I promised commentary about my last post. Here are seven:

1. First of all, I obviously cherry-picked the comments that I thought were the most interesting. My hope, however, was that I kept only those comments that were a part of the threads I was trying to highlight and took out nothing that was pertinent. In addition, my hope was that I didn’t take the comments out of context.

2. The main reason I put up the post was to make clear the results of Vox’s way of thinking.

3. (Regarding the first thread) I put up a verse that looks like it helps prove Calvinist theology, Vox said that it could be read another way. I showed that seeing it that way lead to silly results. So Vox is forced to go with the “Well, the Bible contradicts itself there, then.”

As I mentioned in my comment, this makes me nervous. Rather than concede defeat, Vox denigrates the Bible. He states that this is not new. But I say it is, for him. He has previously stated that due to translation difficulties, specific verses may not be completely reliable. But he has never (as far as I know) stated that the Bible is self-contradictory. I think he was forced to go there. His only other choice is to agree with Calvinism.

4. It is a Christian’s job, even if he isn’t sure of inerrancy, when he finds passages in the Bible that seems to conflict with each other, to work them out – To try to find a meaning in the passages where they can both be true.

5. Twice Vox says that it is more common that people who believe in the inerrancy of scripture more commonly fall away from religion, than those who are more liberal minded. To that I respond in two ways: 1. I disagree, and I’d welcome any data to back up his statements, and 2. I hope Vox isn’t stating this in order to more fully prove that inerrancy is wrong. Because obviously there is no logical way to get from “This makes people break their faith” to “This must be false.”

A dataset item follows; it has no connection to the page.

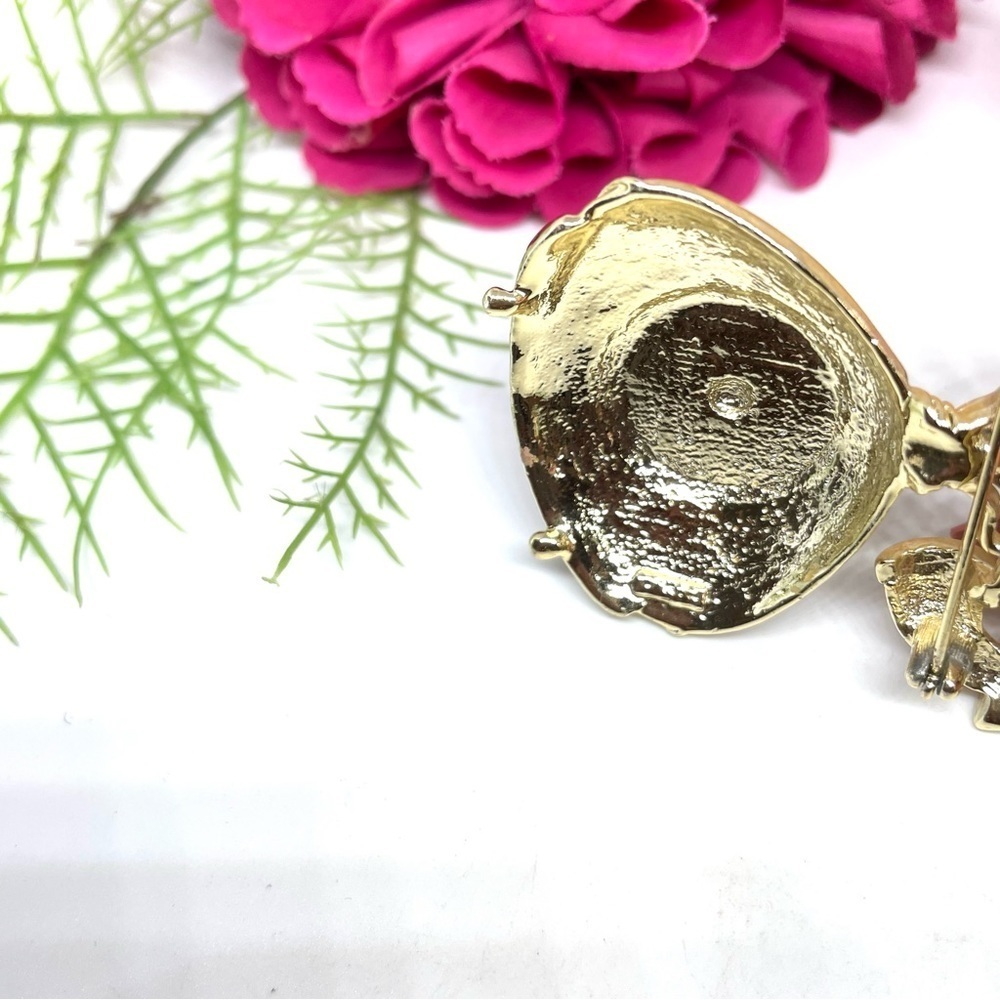 VINTAGE⚜️RARE AJC Ornate Golden Telephone Brooch - Picture 8 of 10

6. Vox has put himself into the position that a Bible verse can prove that those he disagrees with are wrong, but that no verse can prove that he is wrong. This is a weasel position.

7. Vox makes this statement: “Considering how often people here have trouble following my thoughts, I have absolutely no problem believing that you and me and everyone else have trouble comprehending His”

Except for one thing: He’s not God. If God wants to make himself known, he will be known. This is the primary reason for the existence of the Bible. And God is watching over his word. The one who seeks Him will find Him.

Vox’s inability to be understood says nothing about God’s ability to be understood.